◆ **WORK TASK**:
The response should be the complete listing below, unchanged.

◆ **DATASET**:
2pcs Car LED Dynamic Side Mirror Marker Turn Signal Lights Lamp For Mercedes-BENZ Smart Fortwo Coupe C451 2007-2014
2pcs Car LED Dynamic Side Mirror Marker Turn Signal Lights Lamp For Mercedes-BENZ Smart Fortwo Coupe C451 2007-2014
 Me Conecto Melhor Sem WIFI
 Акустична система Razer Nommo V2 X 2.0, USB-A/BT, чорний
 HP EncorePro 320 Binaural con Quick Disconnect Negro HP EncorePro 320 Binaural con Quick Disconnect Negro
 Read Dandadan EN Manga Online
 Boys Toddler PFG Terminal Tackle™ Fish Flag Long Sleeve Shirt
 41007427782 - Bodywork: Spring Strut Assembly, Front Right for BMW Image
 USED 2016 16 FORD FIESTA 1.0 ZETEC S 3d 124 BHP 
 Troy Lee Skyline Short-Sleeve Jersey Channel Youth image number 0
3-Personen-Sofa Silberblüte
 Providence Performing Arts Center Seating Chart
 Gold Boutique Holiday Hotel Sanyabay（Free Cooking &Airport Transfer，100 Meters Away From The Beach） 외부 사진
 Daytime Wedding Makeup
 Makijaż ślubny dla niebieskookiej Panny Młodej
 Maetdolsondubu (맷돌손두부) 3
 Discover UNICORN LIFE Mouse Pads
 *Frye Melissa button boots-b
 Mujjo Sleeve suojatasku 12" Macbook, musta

◆ **THE ANSWER**:
2pcs Car LED Dynamic Side Mirror Marker Turn Signal Lights Lamp For Mercedes-BENZ Smart Fortwo Coupe C451 2007-2014
2pcs Car LED Dynamic Side Mirror Marker Turn Signal Lights Lamp For Mercedes-BENZ Smart Fortwo Coupe C451 2007-2014
 Me Conecto Melhor Sem WIFI
 Акустична система Razer Nommo V2 X 2.0, USB-A/BT, чорний
 HP EncorePro 320 Binaural con Quick Disconnect Negro HP EncorePro 320 Binaural con Quick Disconnect Negro
 Read Dandadan EN Manga Online
 Boys Toddler PFG Terminal Tackle™ Fish Flag Long Sleeve Shirt
 41007427782 - Bodywork: Spring Strut Assembly, Front Right for BMW Image
 USED 2016 16 FORD FIESTA 1.0 ZETEC S 3d 124 BHP 
 Troy Lee Skyline Short-Sleeve Jersey Channel Youth image number 0
3-Personen-Sofa Silberblüte
 Providence Performing Arts Center Seating Chart
 Gold Boutique Holiday Hotel Sanyabay（Free Cooking &Airport Transfer，100 Meters Away From The Beach） 외부 사진
 Daytime Wedding Makeup
 Makijaż ślubny dla niebieskookiej Panny Młodej
 Maetdolsondubu (맷돌손두부) 3
 Discover UNICORN LIFE Mouse Pads
 *Frye Melissa button boots-b
 Mujjo Sleeve suojatasku 12" Macbook, musta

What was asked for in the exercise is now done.